▶ Provided material
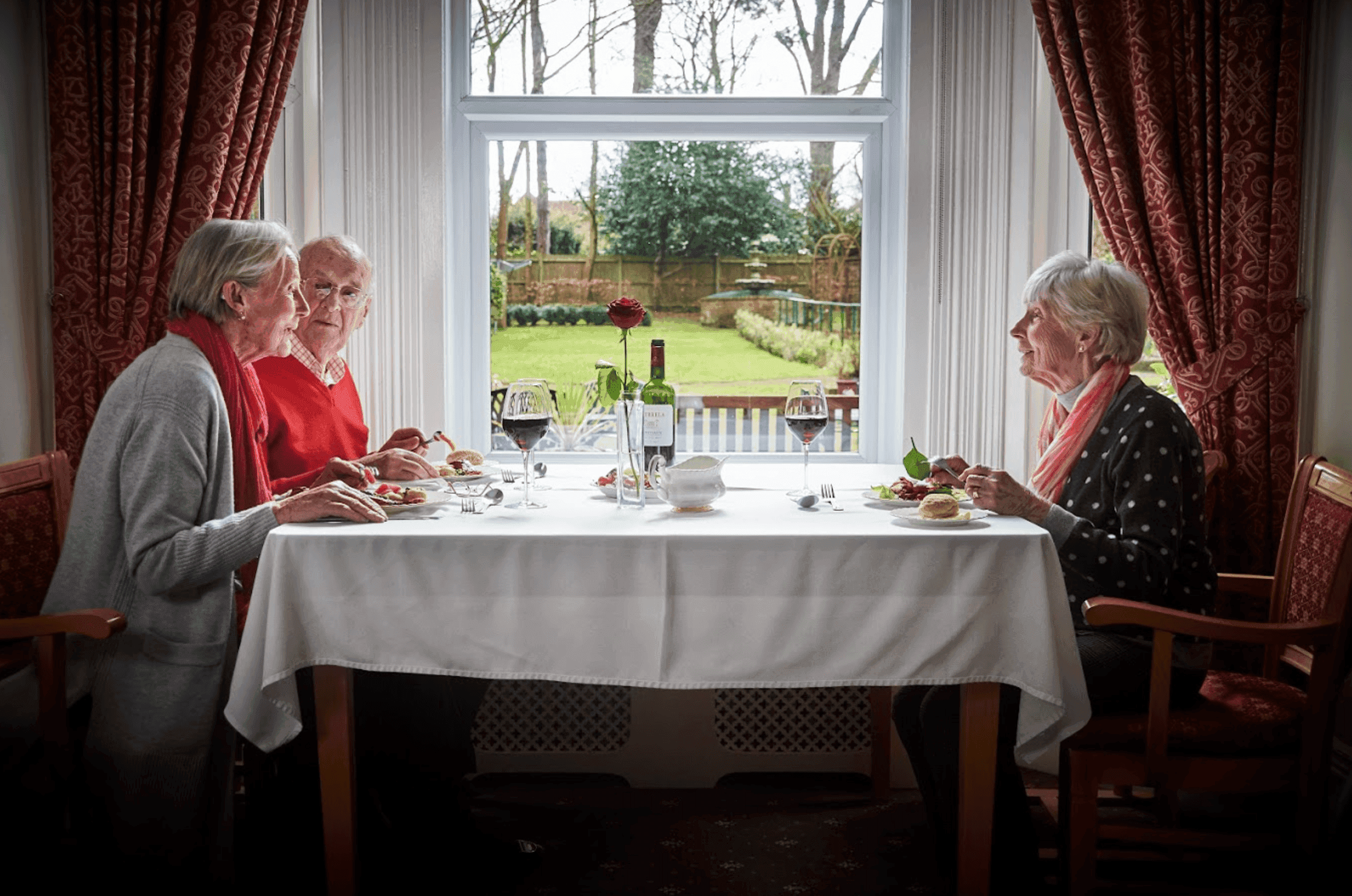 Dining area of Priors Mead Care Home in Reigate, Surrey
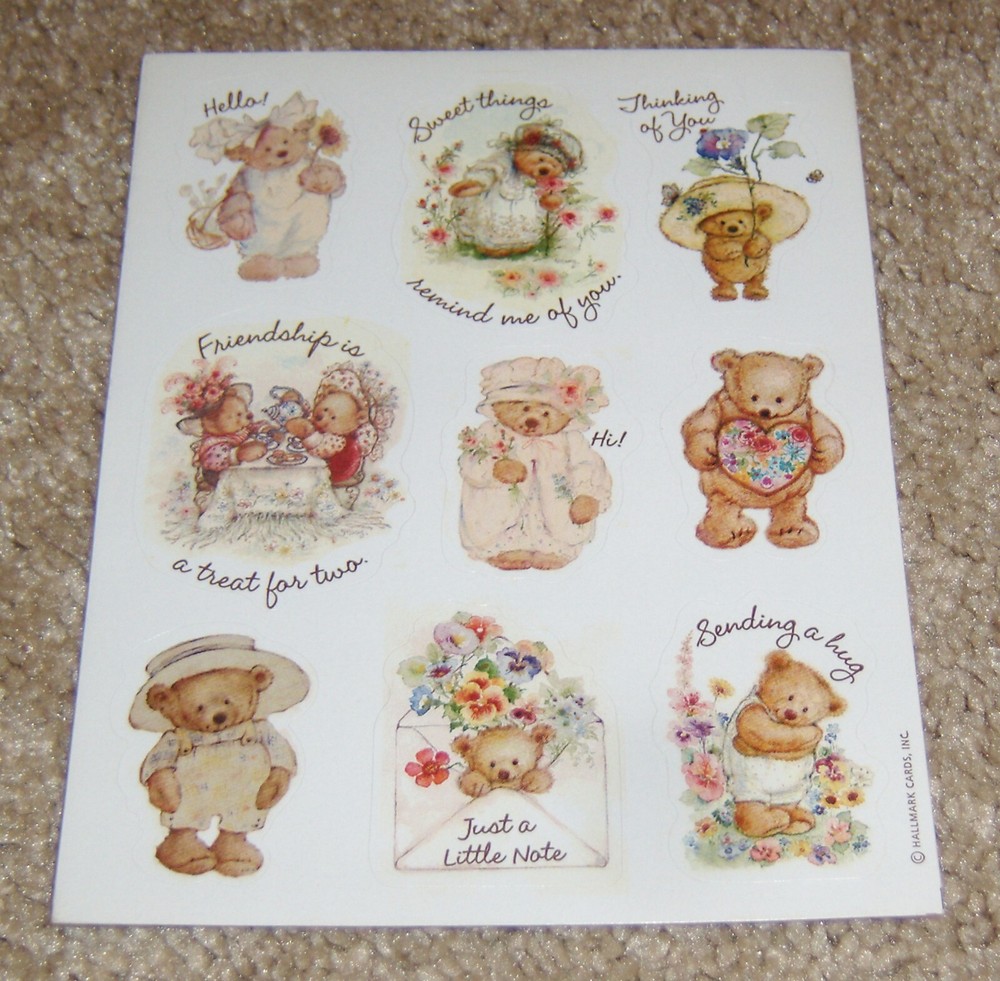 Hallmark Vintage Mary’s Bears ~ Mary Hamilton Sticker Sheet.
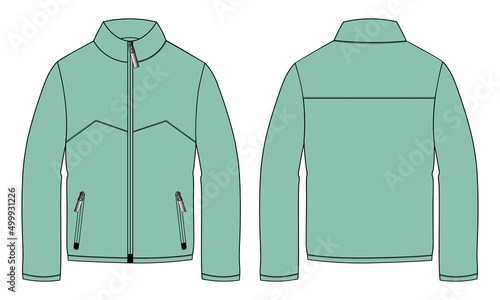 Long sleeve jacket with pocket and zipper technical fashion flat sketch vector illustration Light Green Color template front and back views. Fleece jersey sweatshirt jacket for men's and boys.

▶ Assignment
The response should restate the material above word for word and contain no pictures.

▶ Your response
 Dining area of Priors Mead Care Home in Reigate, Surrey
 Hallmark Vintage Mary’s Bears ~ Mary Hamilton Sticker Sheet.
 Long sleeve jacket with pocket and zipper technical fashion flat sketch vector illustration Light Green Color template front and back views. Fleece jersey sweatshirt jacket for men's and boys.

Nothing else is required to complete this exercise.